Poucas horas antes dele voltar à vida nova dele, na cidade
nova, com amigos e experiências novas, as quais ela não conhecia nem por foto,
ela chorou. Não um choro desesperado de quem não quer perder quem ama. Ela sabe
que eles nunca se perderão. Chorou porque ficou feliz por conhecer o adulto que
ele se tornou, por poder apresentar a mulher que agora ela é. Por entender que o que quer que tenham sido um
para o outro, ainda são e sempre serão. Ele quem vai ouvi-la dizer o quanto ela
adora dirigir. Ela quem vai atender ao telefone logo pela manhã, ainda
sonolenta, para ouvi-lo perguntando das novidades e depois aquele silencio
enlouquecedor que só eles sabem compartilhar. No fundo ele liga só pra ouvir a
voz dela e ela atende só pra poder ouvir a voz dele de novo. Precisam um do
outro como precisam de oxigênio para viver.
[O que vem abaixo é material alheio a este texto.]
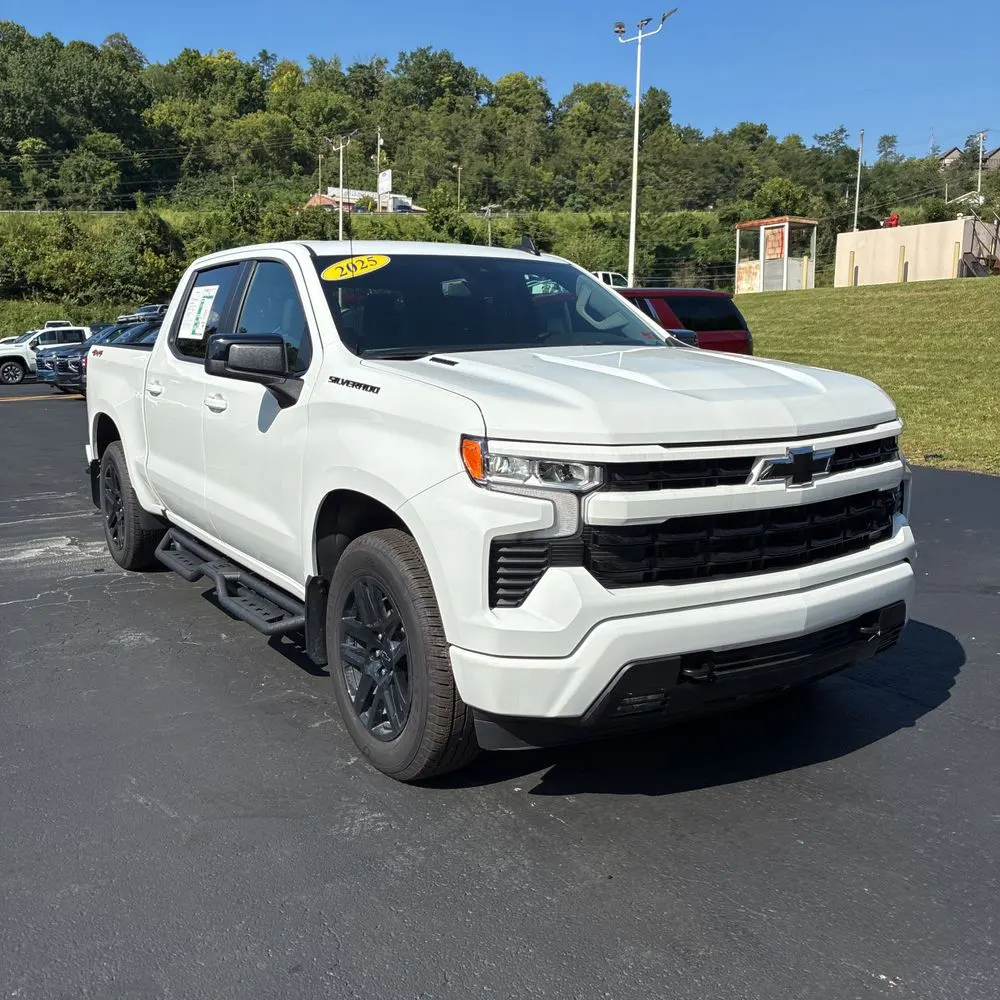 2025 Chevrolet Silverado 1500 RST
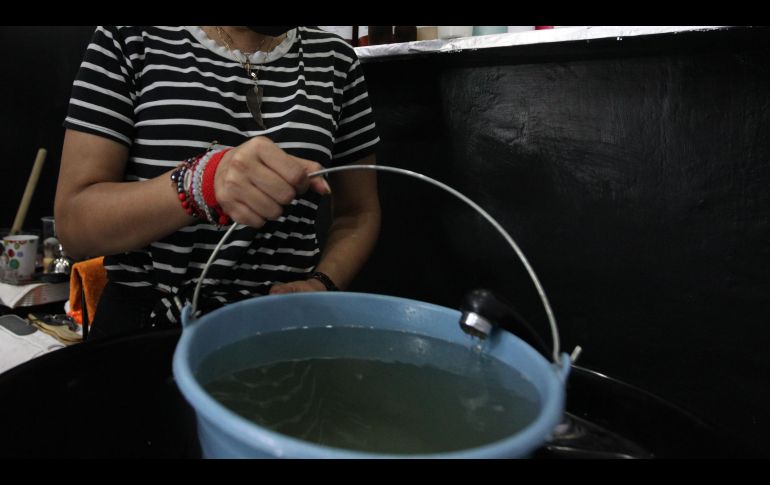 Alberto Esquer puntualizó que trabajan de “manera directa” para solucionar la mala calidad del agua en la ZMG. EL INFORMADOR/ARCHIVO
Uma e vinte da manhã. Hora de ele partir. Da janela ele manda
um beijo. Encaram-se por alguns minutos até aquele ônibus os separarem de novo,
por sei lá quanto tempo. Valeu o reencontro. Valeram os beijos. Valeram os
abraços. Ela também volta pra casa. Desembarca na 10.
Depois de tanta distância, finalmente, assumem que são um o
porto seguro do outro.
Ele liga dias depois. Já tem saudades. Quer encontrá-la no
final de semana. Ela arruma as malas de novo.